Task goal –
From the entries below, please output exactly the lines starting at the one containing "Boohoo Pink Crop Top - Picture 3 of 3" and ending at the one containing "101 Graham Ave, Brooklyn, NY", both included.

Exercise inputs –
##########
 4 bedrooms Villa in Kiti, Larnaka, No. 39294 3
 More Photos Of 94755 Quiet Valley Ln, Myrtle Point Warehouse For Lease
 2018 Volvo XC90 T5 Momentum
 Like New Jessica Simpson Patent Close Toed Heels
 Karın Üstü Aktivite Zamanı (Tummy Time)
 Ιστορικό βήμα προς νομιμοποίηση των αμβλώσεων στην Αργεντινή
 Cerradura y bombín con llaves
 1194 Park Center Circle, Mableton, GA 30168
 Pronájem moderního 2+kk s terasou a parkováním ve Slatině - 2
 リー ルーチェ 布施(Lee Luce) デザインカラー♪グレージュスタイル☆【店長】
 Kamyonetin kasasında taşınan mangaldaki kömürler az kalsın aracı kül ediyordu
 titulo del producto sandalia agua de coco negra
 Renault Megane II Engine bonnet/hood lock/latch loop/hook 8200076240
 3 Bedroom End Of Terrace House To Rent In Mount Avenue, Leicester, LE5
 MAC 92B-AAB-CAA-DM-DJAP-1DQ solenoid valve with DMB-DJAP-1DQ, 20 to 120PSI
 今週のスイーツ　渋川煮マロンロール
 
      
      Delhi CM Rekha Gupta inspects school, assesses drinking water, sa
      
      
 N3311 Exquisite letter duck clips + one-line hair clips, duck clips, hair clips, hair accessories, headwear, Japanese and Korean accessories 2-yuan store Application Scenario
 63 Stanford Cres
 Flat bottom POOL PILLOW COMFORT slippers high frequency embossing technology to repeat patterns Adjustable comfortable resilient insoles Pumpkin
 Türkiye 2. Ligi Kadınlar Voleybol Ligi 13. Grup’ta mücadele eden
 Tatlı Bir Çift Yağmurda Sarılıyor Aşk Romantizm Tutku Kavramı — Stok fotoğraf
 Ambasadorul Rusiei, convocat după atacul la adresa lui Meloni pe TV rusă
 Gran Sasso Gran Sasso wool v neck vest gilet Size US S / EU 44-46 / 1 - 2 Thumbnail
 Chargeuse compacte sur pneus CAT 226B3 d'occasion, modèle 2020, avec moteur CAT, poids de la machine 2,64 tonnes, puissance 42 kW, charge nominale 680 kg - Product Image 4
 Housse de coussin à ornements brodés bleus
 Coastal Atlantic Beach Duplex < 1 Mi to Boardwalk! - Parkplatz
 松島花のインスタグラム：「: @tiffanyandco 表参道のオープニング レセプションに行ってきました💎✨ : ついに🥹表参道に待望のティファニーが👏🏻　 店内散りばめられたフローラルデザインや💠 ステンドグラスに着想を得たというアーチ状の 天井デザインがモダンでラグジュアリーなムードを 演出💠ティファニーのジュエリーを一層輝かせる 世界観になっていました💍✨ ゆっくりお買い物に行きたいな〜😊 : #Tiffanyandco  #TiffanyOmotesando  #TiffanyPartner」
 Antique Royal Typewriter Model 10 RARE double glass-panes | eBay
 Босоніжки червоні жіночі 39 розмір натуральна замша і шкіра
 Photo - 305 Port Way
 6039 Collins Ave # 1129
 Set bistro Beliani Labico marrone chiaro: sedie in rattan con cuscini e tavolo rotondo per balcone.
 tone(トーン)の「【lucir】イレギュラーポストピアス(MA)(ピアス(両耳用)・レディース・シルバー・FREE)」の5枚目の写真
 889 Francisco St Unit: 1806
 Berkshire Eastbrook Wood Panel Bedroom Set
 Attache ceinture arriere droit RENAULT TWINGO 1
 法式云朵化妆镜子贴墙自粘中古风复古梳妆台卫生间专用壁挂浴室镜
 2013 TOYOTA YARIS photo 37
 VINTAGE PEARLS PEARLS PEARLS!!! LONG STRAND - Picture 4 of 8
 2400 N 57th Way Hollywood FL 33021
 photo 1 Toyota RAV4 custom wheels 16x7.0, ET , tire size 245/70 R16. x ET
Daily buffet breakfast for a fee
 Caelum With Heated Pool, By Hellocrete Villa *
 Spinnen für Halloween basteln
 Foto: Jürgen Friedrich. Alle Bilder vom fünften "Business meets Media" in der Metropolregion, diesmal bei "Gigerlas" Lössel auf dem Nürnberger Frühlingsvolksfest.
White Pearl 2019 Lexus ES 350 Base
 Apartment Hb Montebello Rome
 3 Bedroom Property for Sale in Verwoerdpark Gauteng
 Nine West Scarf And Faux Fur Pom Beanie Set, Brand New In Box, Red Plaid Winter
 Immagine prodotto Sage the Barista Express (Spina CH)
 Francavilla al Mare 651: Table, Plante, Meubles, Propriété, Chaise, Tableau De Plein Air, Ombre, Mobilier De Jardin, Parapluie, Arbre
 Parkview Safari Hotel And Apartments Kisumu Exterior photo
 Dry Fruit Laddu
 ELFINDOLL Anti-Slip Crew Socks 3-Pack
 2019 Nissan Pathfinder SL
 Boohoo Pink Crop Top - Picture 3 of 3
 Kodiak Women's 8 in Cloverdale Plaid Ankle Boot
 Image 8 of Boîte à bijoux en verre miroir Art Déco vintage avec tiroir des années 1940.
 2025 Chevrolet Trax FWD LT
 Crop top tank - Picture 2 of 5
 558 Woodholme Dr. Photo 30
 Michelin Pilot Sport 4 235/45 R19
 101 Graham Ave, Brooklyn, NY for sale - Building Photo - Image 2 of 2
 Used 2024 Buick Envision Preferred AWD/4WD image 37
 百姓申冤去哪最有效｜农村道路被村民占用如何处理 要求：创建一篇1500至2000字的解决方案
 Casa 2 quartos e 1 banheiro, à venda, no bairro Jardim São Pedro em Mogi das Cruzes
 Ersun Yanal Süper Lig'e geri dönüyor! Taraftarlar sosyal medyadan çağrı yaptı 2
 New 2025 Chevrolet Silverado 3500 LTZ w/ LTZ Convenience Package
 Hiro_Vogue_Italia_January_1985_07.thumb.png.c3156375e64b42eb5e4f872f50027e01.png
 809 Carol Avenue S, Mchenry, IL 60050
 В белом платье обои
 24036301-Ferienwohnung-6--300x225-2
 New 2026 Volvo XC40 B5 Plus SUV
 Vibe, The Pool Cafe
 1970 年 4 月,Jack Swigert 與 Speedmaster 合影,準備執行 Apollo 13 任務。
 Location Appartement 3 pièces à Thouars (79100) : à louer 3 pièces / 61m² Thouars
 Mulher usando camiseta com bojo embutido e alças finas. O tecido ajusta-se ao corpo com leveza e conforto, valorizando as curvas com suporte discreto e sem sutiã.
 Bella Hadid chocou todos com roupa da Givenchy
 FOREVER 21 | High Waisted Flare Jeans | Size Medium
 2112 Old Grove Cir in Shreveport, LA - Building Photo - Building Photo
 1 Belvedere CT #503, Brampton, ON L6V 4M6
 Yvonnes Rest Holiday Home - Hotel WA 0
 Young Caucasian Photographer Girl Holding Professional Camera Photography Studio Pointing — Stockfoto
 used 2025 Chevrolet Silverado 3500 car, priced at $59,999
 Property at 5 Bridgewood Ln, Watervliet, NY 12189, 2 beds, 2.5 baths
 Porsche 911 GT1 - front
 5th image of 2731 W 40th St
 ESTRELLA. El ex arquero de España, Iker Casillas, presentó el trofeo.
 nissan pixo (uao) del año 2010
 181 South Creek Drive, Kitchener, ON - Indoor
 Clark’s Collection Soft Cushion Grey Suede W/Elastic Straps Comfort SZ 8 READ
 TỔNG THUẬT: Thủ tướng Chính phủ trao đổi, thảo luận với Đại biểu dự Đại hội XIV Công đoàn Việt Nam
##########
Solution to this exercise –
 Boohoo Pink Crop Top - Picture 3 of 3
 Kodiak Women's 8 in Cloverdale Plaid Ankle Boot
 Image 8 of Boîte à bijoux en verre miroir Art Déco vintage avec tiroir des années 1940.
 2025 Chevrolet Trax FWD LT
 Crop top tank - Picture 2 of 5
 558 Woodholme Dr. Photo 30
 Michelin Pilot Sport 4 235/45 R19
 101 Graham Ave, Brooklyn, NY for sale - Building Photo - Image 2 of 2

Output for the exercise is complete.